▶ [WORK TASK]
Your answer should be the full data, transcribed exactly, with no pictures in it.

▶ [INFORMATION SHOWN]

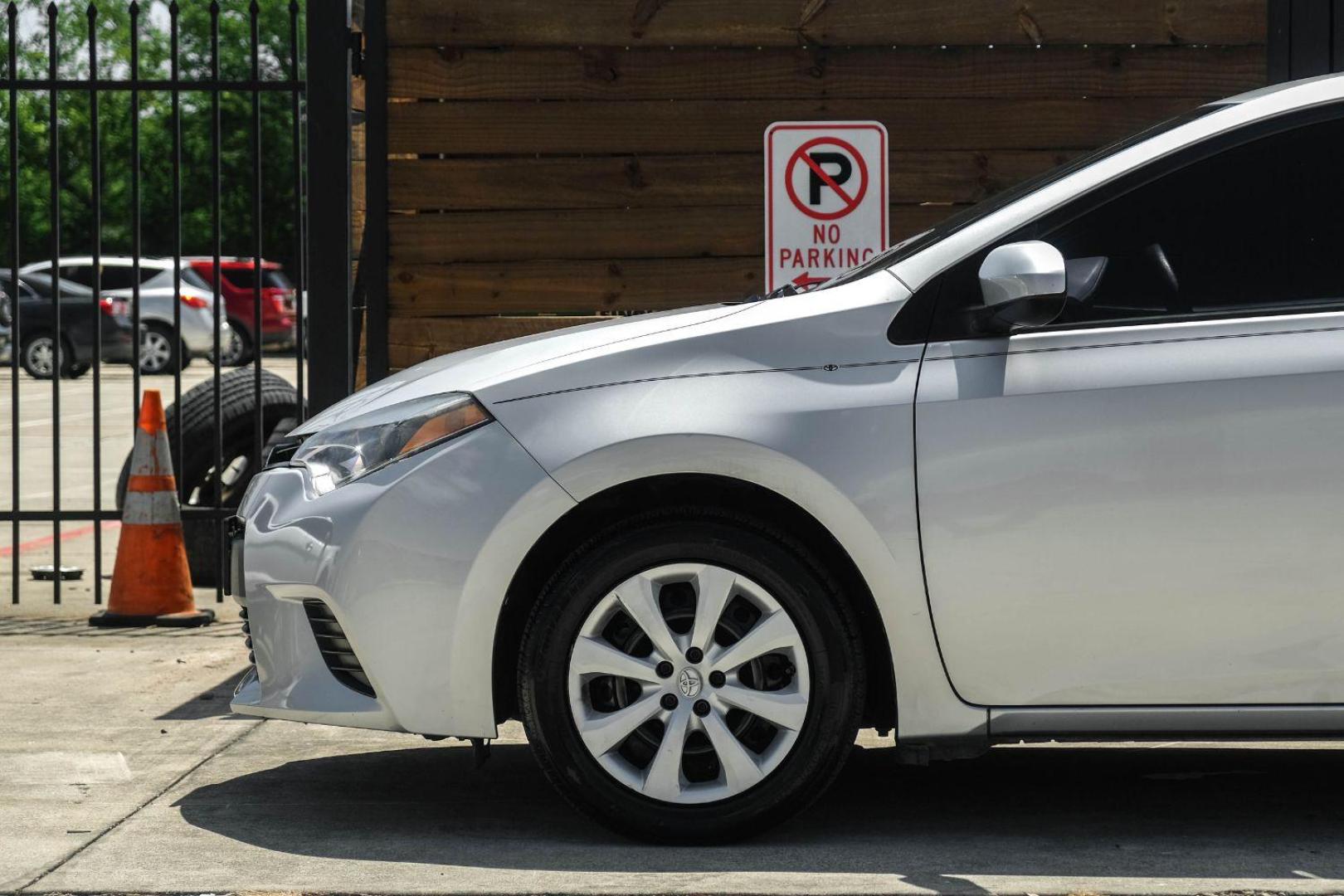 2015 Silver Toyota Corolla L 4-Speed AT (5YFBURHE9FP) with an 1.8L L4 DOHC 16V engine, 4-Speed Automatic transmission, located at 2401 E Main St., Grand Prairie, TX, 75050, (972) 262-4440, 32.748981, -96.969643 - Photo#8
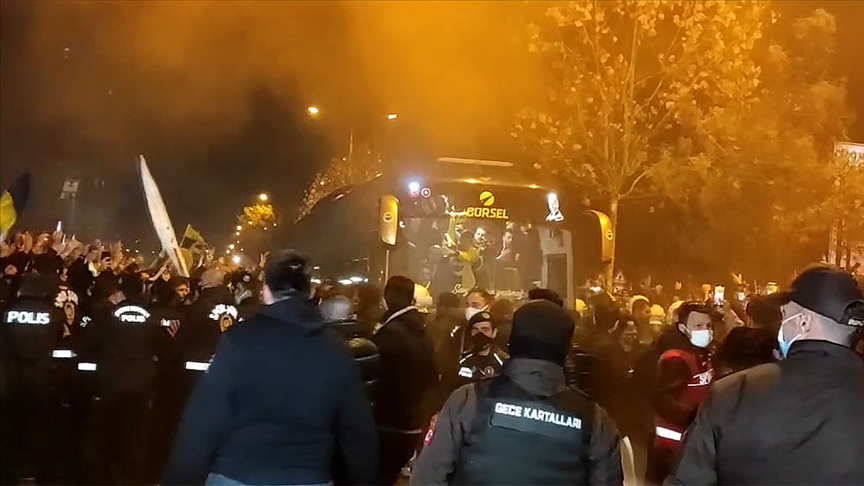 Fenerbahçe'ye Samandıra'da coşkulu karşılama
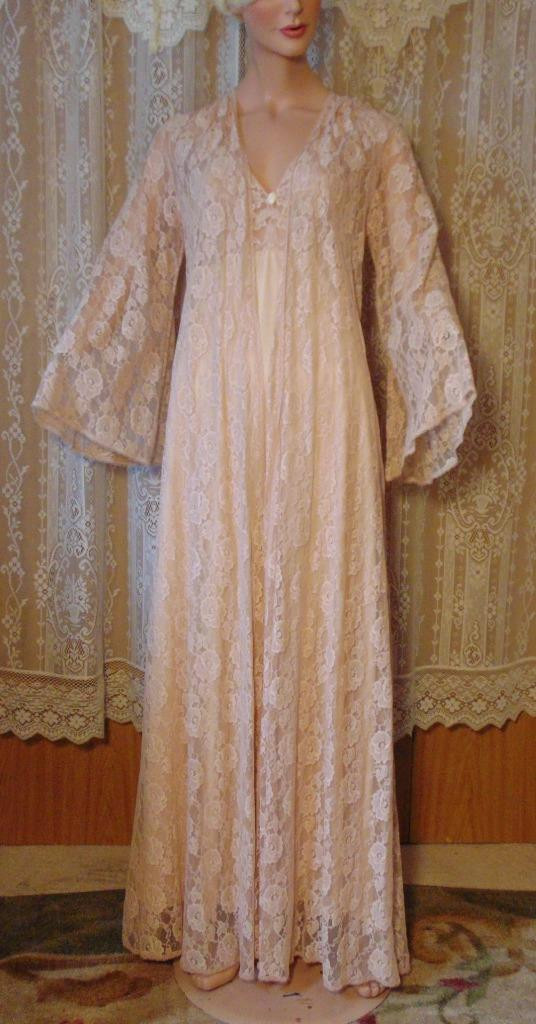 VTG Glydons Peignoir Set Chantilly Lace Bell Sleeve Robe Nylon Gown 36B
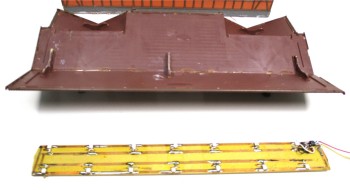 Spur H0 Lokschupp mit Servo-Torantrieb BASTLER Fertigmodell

▶ [REPLY]
 2015 Silver Toyota Corolla L 4-Speed AT (5YFBURHE9FP) with an 1.8L L4 DOHC 16V engine, 4-Speed Automatic transmission, located at 2401 E Main St., Grand Prairie, TX, 75050, (972) 262-4440, 32.748981, -96.969643 - Photo#8
 Fenerbahçe'ye Samandıra'da coşkulu karşılama
 VTG Glydons Peignoir Set Chantilly Lace Bell Sleeve Robe Nylon Gown 36B
 Spur H0 Lokschupp mit Servo-Torantrieb BASTLER Fertigmodell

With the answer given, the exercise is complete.